Pizza shop owner Fred Ciampa, who was not working, said his staff told him they did not know the three men involved in the fight before.
“Nothing like this has ever happened before,” he said. “We’re like an institution here. Everybody knows us.”
Boston police released few details yesterday on what triggered the outburst, other than that all three male victims had arrest records and were involved in gangs.
“The altercation began inside and made its way outside,” Driscoll said. “One individual pulled out a knife. The other individual pulled out a gun and was able to shoot the two other individuals.”
The 20-year-old who wielded the knife, identified by his friends and a police source as Johnnel “Bo” Cruz Nova of Jamaica Plain, managed to fatally stab his 20-year-old foe before that man fatally shot him and mortally wounded his 28-year-old friend.
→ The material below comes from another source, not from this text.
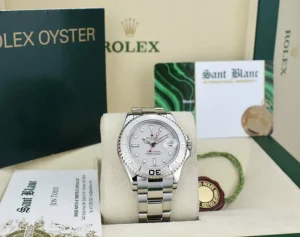 Yachting Professional Watches | Men's Watches | Sant Blanc Rolex 35mm Mid-size Platinum & Stainless Steel Yachmaster Platinum Dial Model 168622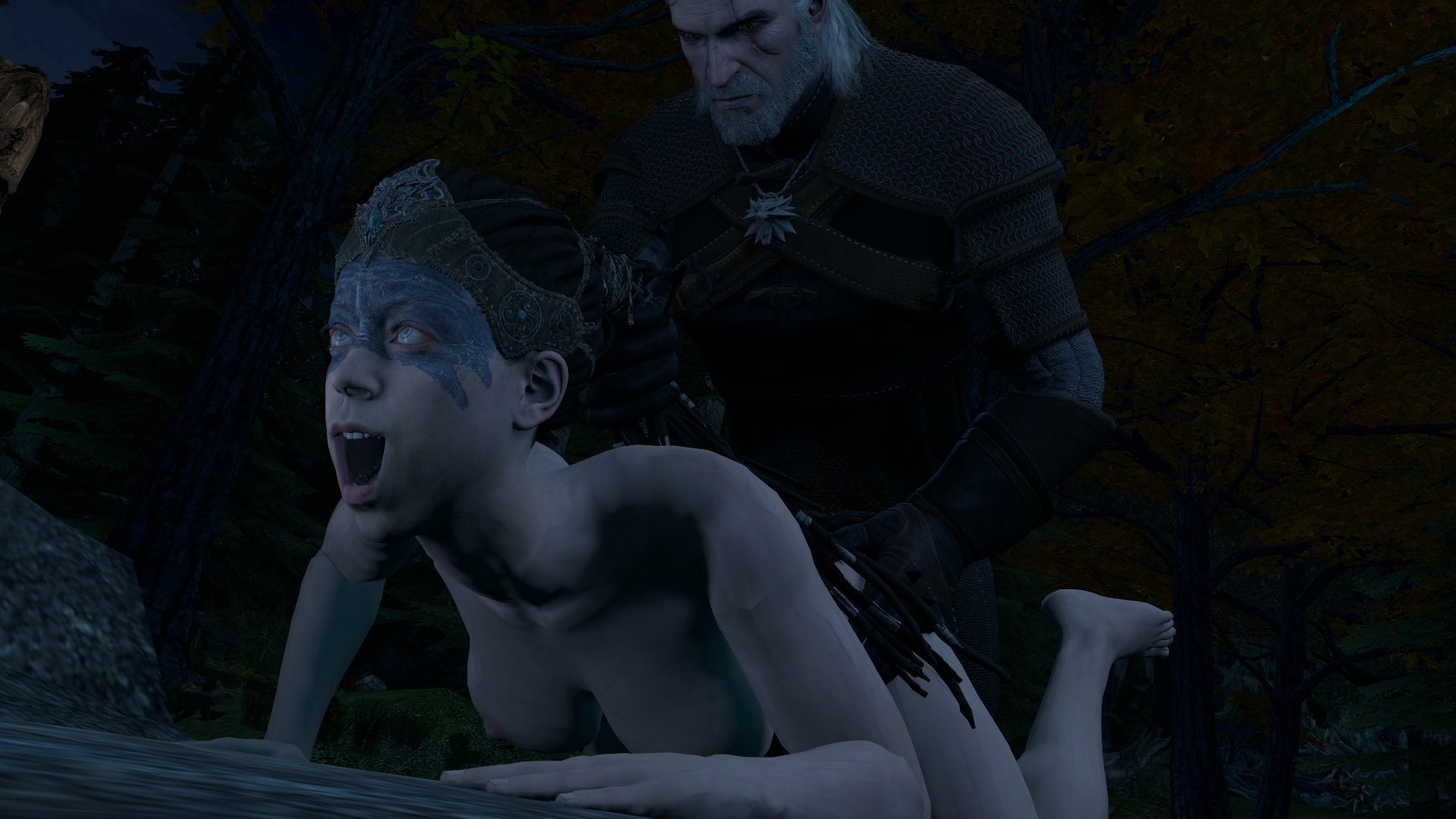 The Witcher/Hellblade Crossover: Geralt plows Senua Senua Geralt of rivia The Witcher Anal Anal Penetration Boobs Big boobs Tits Ass Big Ass Cake Sexy Horny Face Horny 3d Porn 3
Eric Vila, 21, a tattoo artist, said he bumped into Cruz Nova as the two friends ordered pizza at Same Old Place moments before the shootings. They talked about expanding the tattoo of a .38 snub-nosed revolver on his friend’s right arm.
“He told me, ‘I’m trying to do my whole arm. I want to put ‘Money, respect, power, with a whole bunch of gunsmoke. Can you do that?’ I told him no problem. See me tomorrow. ... I said, ‘You be careful,’ ” recalled Vila, who left the pizzeria to go to a 7-Eleven, only to get a phone call minutes later that his pal had been shot.